### Crawled caption data
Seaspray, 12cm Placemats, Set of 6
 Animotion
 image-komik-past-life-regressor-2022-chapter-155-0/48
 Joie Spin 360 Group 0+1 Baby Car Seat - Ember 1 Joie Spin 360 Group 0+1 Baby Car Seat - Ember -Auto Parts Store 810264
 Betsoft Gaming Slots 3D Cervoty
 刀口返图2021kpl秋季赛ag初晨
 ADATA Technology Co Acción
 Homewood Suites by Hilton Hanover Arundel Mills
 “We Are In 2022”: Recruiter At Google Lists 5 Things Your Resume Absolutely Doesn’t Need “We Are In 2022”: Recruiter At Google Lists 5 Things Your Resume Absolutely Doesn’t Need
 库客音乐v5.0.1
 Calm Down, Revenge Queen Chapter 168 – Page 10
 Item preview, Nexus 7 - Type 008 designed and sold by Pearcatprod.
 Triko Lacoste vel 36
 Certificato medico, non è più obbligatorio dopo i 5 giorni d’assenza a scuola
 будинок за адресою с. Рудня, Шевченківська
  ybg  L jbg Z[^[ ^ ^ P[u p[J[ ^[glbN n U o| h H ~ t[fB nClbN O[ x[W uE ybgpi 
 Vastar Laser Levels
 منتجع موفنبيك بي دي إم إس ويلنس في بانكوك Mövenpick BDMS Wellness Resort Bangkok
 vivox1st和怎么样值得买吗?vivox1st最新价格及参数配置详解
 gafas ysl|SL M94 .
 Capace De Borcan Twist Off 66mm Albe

### Task details
Only the lines above starting at the one containing "ADATA Technology Co Acción" and ending at the one containing "Triko Lacoste vel 36", both included, are to be returned, exactly as they read.

### Solved exercise
 ADATA Technology Co Acción
 Homewood Suites by Hilton Hanover Arundel Mills
 “We Are In 2022”: Recruiter At Google Lists 5 Things Your Resume Absolutely Doesn’t Need “We Are In 2022”: Recruiter At Google Lists 5 Things Your Resume Absolutely Doesn’t Need
 库客音乐v5.0.1
 Calm Down, Revenge Queen Chapter 168 – Page 10
 Item preview, Nexus 7 - Type 008 designed and sold by Pearcatprod.
 Triko Lacoste vel 36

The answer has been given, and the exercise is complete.